▸ What is needed: If pictures appear among the lines below, leave them out while you return exactly the lines from the one with "Now, because this" through the one with "Hello, ladies and".

▸ Extracted records:
▬▬▬▬▬▬
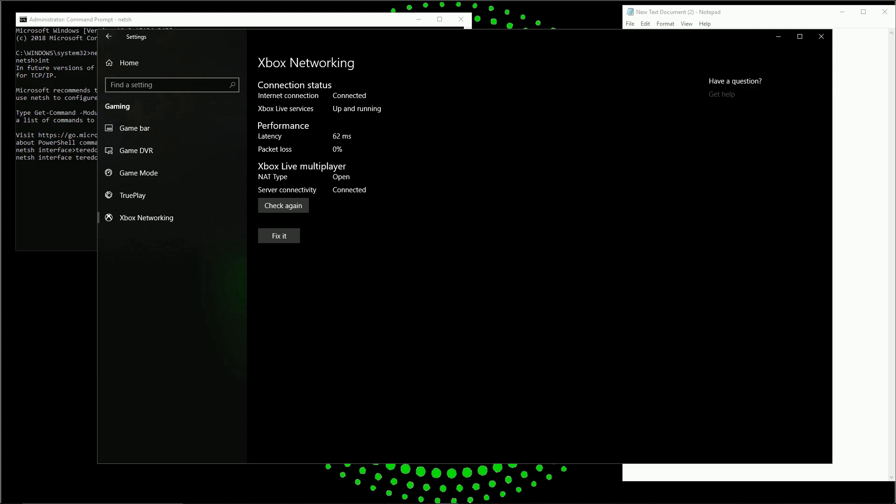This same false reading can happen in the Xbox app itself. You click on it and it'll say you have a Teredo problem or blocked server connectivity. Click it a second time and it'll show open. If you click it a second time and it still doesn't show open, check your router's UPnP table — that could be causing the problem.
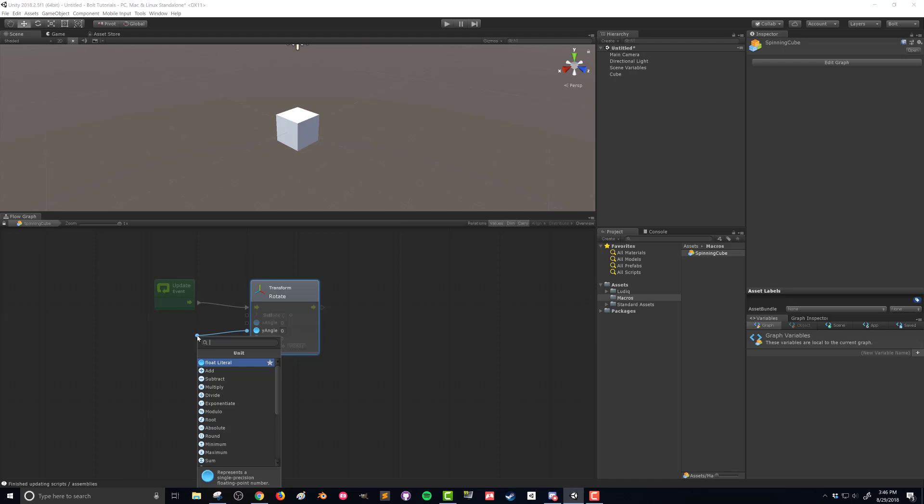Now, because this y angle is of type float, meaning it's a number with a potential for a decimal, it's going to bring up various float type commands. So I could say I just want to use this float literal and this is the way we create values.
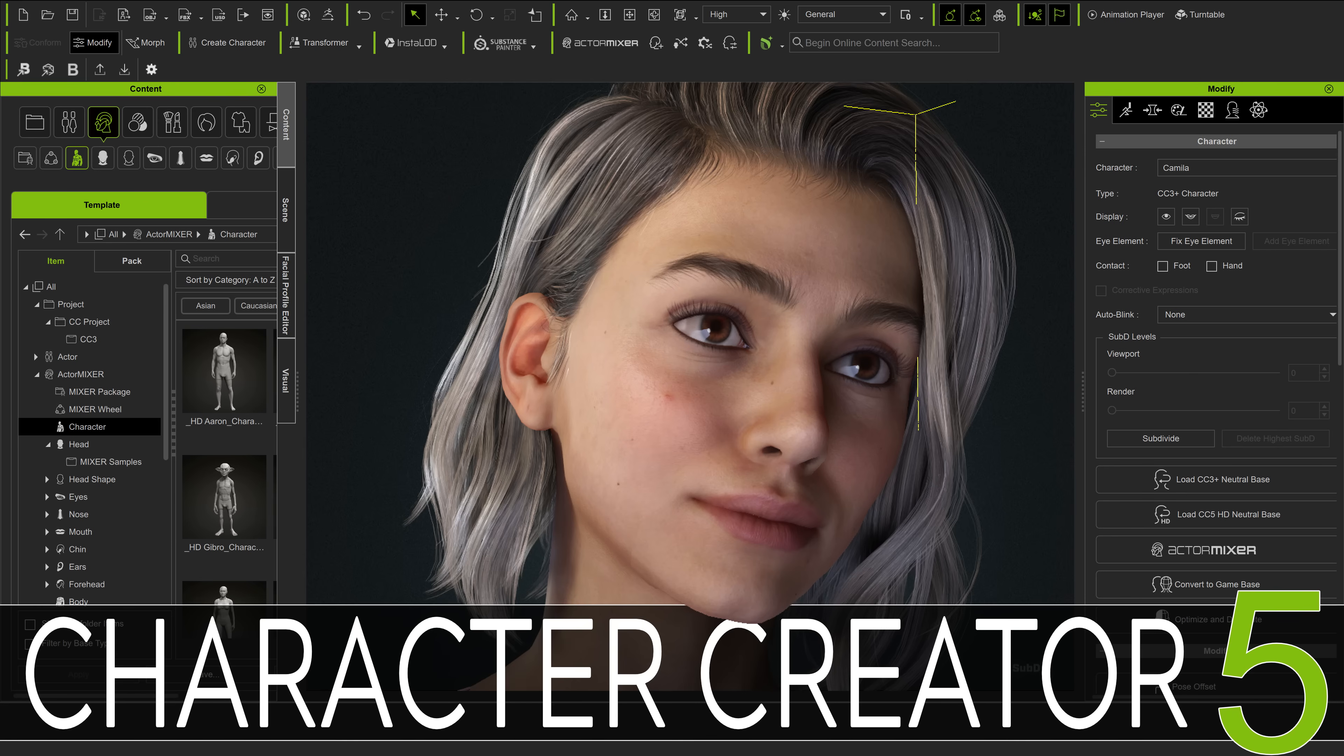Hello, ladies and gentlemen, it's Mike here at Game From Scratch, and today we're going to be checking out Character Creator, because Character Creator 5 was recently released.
▬▬▬▬▬▬
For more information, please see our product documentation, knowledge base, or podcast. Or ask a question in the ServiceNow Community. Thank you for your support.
▬▬▬▬▬▬
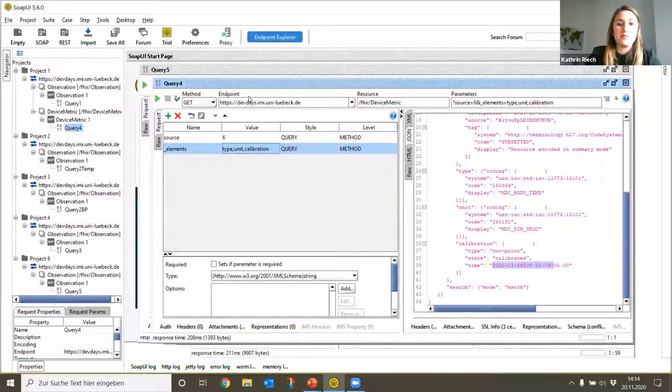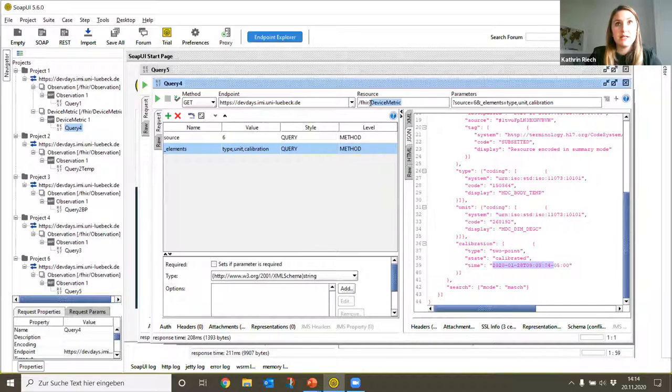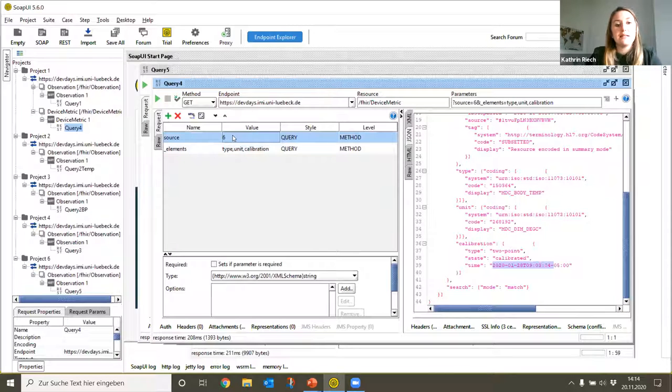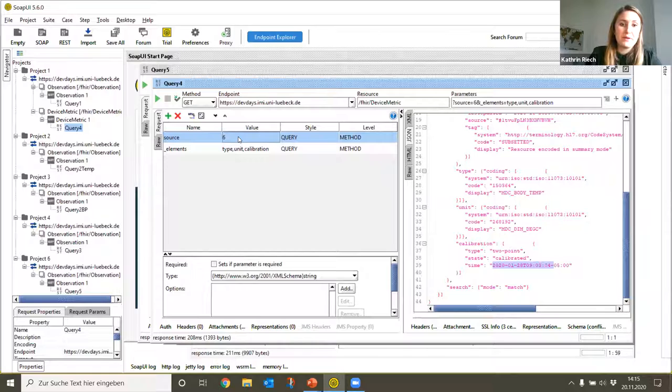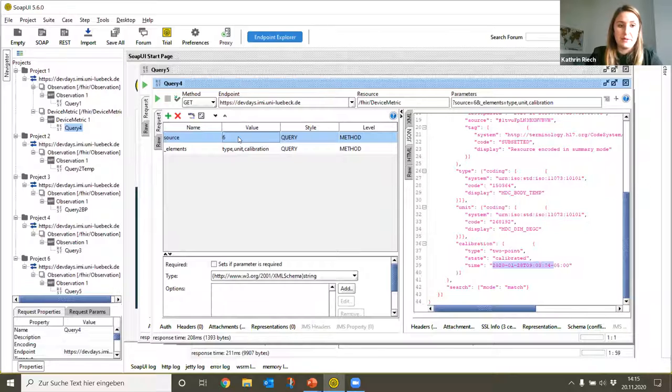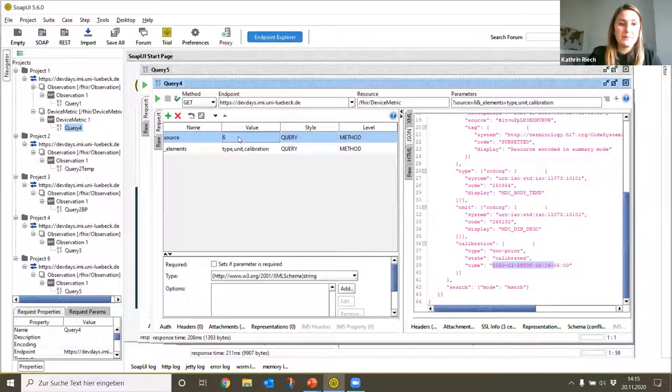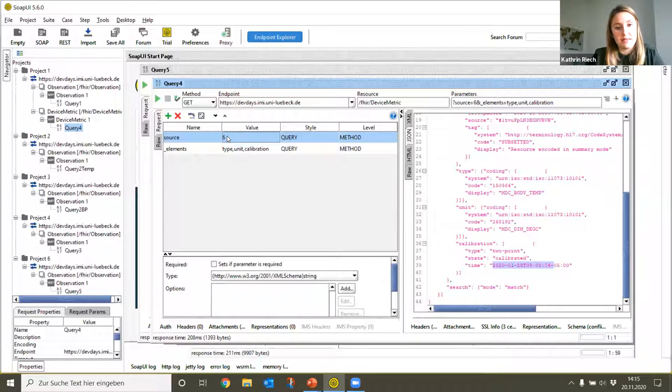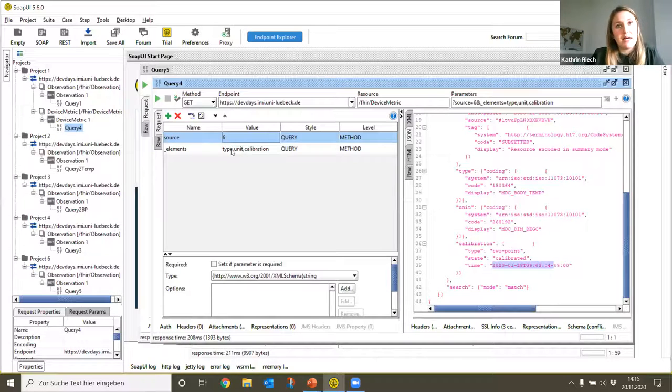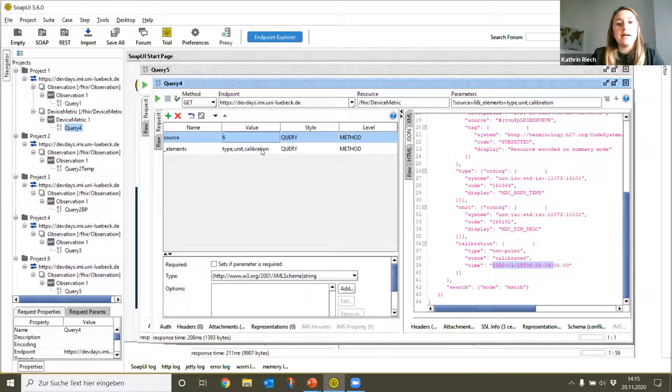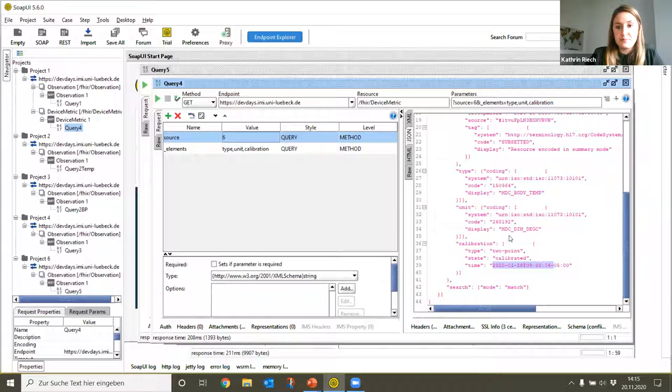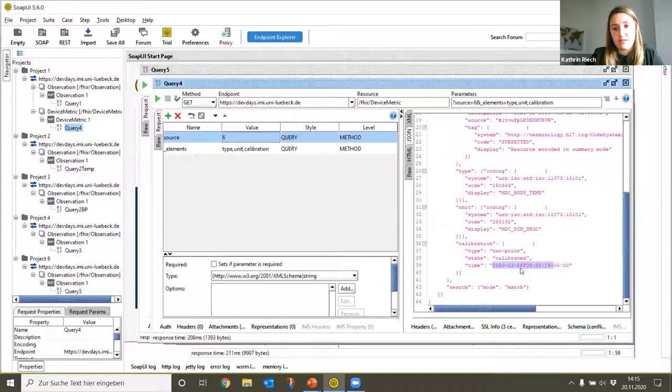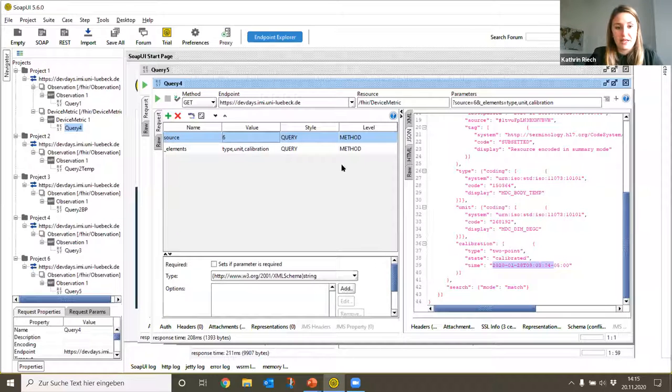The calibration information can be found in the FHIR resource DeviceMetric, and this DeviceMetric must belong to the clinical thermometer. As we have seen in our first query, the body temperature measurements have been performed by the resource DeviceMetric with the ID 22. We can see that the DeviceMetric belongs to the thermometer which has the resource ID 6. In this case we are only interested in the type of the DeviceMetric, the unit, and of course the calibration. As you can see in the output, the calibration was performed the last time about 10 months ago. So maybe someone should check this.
▬▬▬▬▬▬
▸ Written reply:
Now, because this y angle is of type float, meaning it's a number with a potential for a decimal, it's going to bring up various float type commands. So I could say I just want to use this float literal and this is the way we create values.
Hello, ladies and gentlemen, it's Mike here at Game From Scratch, and today we're going to be checking out Character Creator, because Character Creator 5 was recently released.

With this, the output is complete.